Isto é muito curioso, porque a mesma empresa que ainda anda a tentar convencer o mundo de que consegue meter ordem no Windows, e que anda a passar um mau bocado em 2026, quer agora confiar uma das partes mais sensíveis do sistema operativo a modelos que ainda são muito… imprevisíveis.
O plano é simples. Atualizar toda a gente, queira ou não!
A lógica da Microsoft é bastante direta e simples. O Windows 11 24H2, pelo menos nas versões Home e Pro, aproxima-se do fim do suporte oficial em outubro de 2026. Como tal, a gigante norte-americana quer começar a empurrar o 25H2 para essas máquinas de forma automática.
Mas, não quer deixar mesmo ninguém para trás, e tendo em conta o historial recente do Windows Update, isso também não tranquiliza ninguém.

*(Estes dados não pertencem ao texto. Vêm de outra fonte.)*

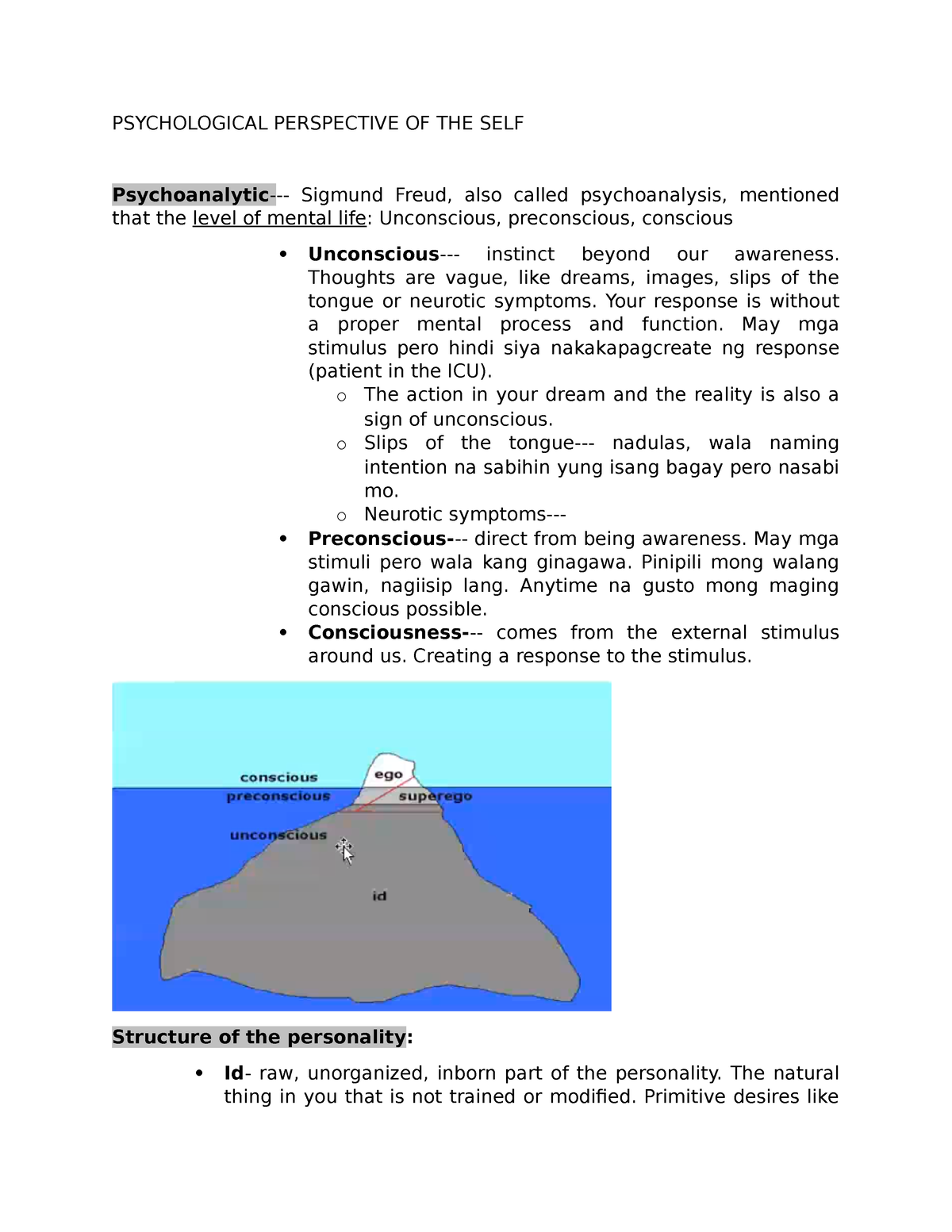 Psychological Perspective Of The Self - PSYCHOLOGICAL PERSPECTIVE OF ...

Sim, os utilizadores podem adiar o reinício ou escolher quando instalar a atualização, mas só até certo ponto. Tens de dar o salto e acabou.
O mais curioso é a confiança absurda na machine learning!
A Microsoft quer usar machine learning para decidir quando um PC está pronto para receber uma atualização importante do sistema operativo. O que é estar pronto? Ninguém sabe. É apenas outra forma de tentar meter inteligência artificial no Windows, com palavreado bonito e tranquilizador.
O problema é que o Windows já falha sozinho com alguma frequência. Não precisa de uma nova camada de decisão automática em cima.
Infelizmente, a Microsoft parece cada vez mais distante daquilo que os utilizadores realmente querem. As críticas sobem de tom todos os dias.
No fundo, este é o verdadeiro problema. O utilizador normal não quer uma atualização gerida por algoritmos. Não quer sentir que o PC está a ser preparado em silêncio para receber uma nova versão quando alguém em Redmond achar que chegou o momento ideal.
O utilizador quer uma coisa muito mais simples. Um computador estável, previsível e, acima de tudo, respeitado.
O Windows 11 já sofre por parecer demasiado invasivo. Esta decisão só reforça essa ideia. A Apple é muito melhor nesta componente, e agora que o Neo é uma realidade, e já não é preciso ser rico para ter um MacBook, rapidamente o jogo pode mudar.